I recently saw a video about Utah’s water crisis saying we are doomed by scarcity and water use should be curtailed. It blamed agriculture, which represents only 1% of Utah’s GDP. While directionally correct, this is incomplete. GDP is skewed by the tech and finance sectors, and in rural Utah, farming remains the backbone of many household economies.

Conservation is not a growth strategy. Asking Utahns to consume less water is like asking India to burn less coal: it might delay a crisis, but it also caps growth.

A bolder solution is to import water at scale. Imagine a pipeline bringing desalinated water from the ocean to Utah. This would not be unprecedented. The Central Arizona Project was a $4.4 billion system built over 20 years to deliver 1.4 million acre-feet of water to Phoenix.

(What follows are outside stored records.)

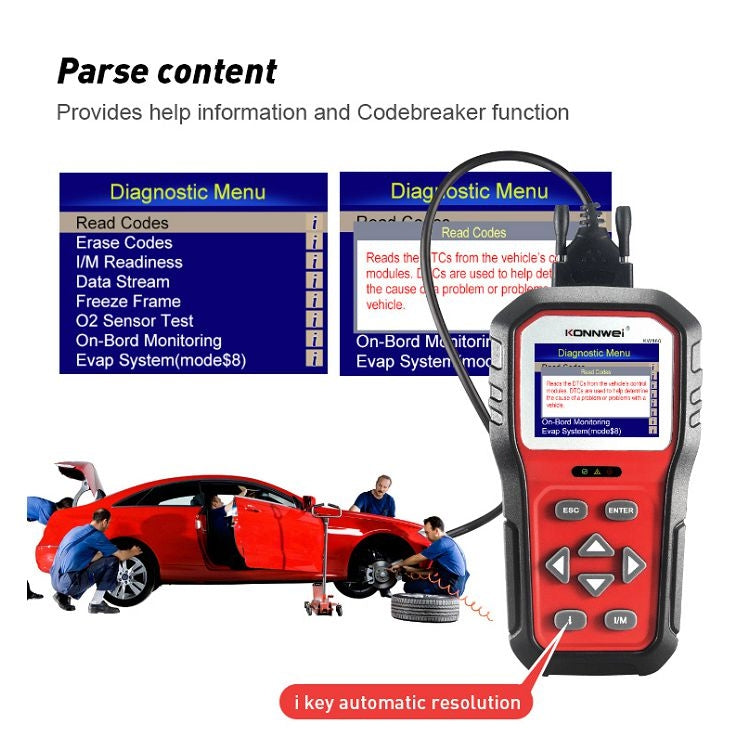 KONNWEI KW860 Tester per batteria con schermo a colori TFT da 2,8 pollici per auto Supporto 8 lingue / Funzione di analisi chiave I, KW860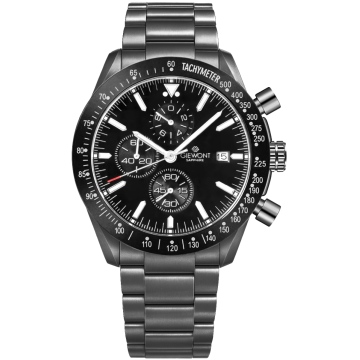 Zegarek męski Giewont GW8720-B1 Chronograph Sapphire na bransolecie czarnej, czarna tarcza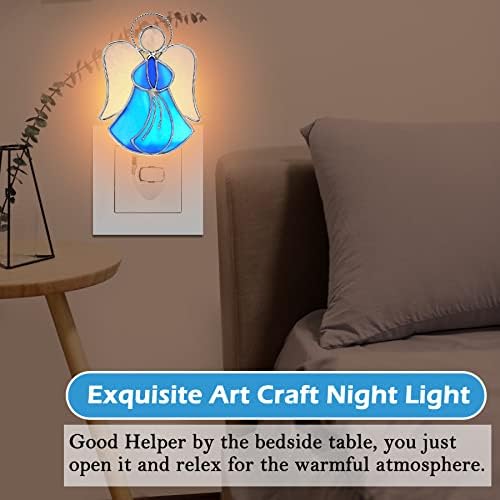 Нощна лампа от витражного стъкло KUNDGLA Angel, Декоративен Стенен лампа, - Вградени в Коридора, Спалня, санитарен възел, Кухня, Домашен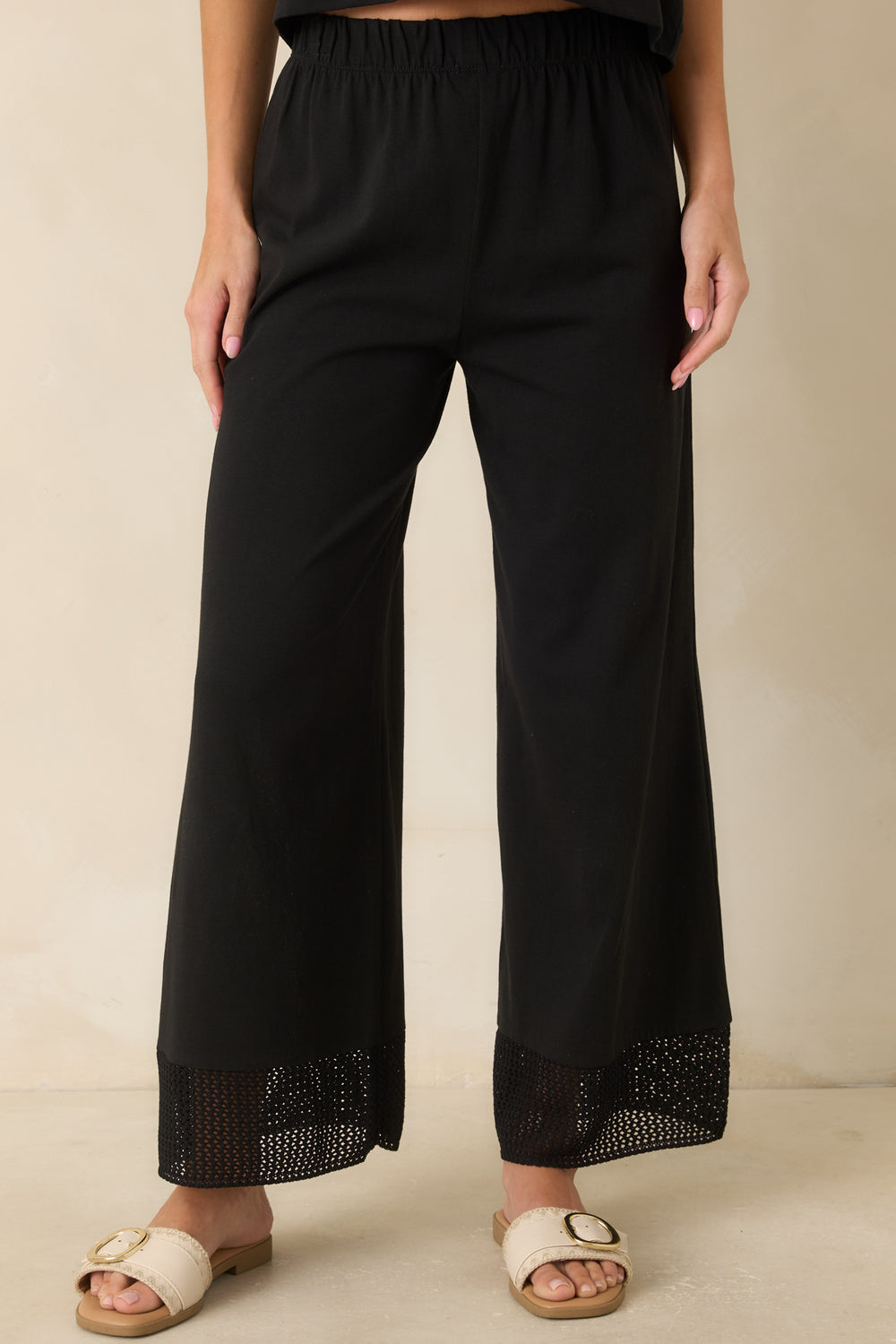 Crochet-Lace-Hem-Black-Pants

The system could easily bring many billions of dollars in long-run GDP across Utah. The real barrier is not financial. The real barrier is political coordination. Routes through California, Arizona and Mexico, and Washington are available. This would require national coordination, but if Utah joins other Western states in lobbying together, we may compel the federal government’s immediate attention.

Conservation ensures stagnation. New water infrastructure ensures prosperity. Utah’s research institutions and university economics departments should study this proposal, refine the estimates, and compare alternatives. The path to an affluence of water in the West is open. The only hurdle is whether we have the vision and political will to climb it.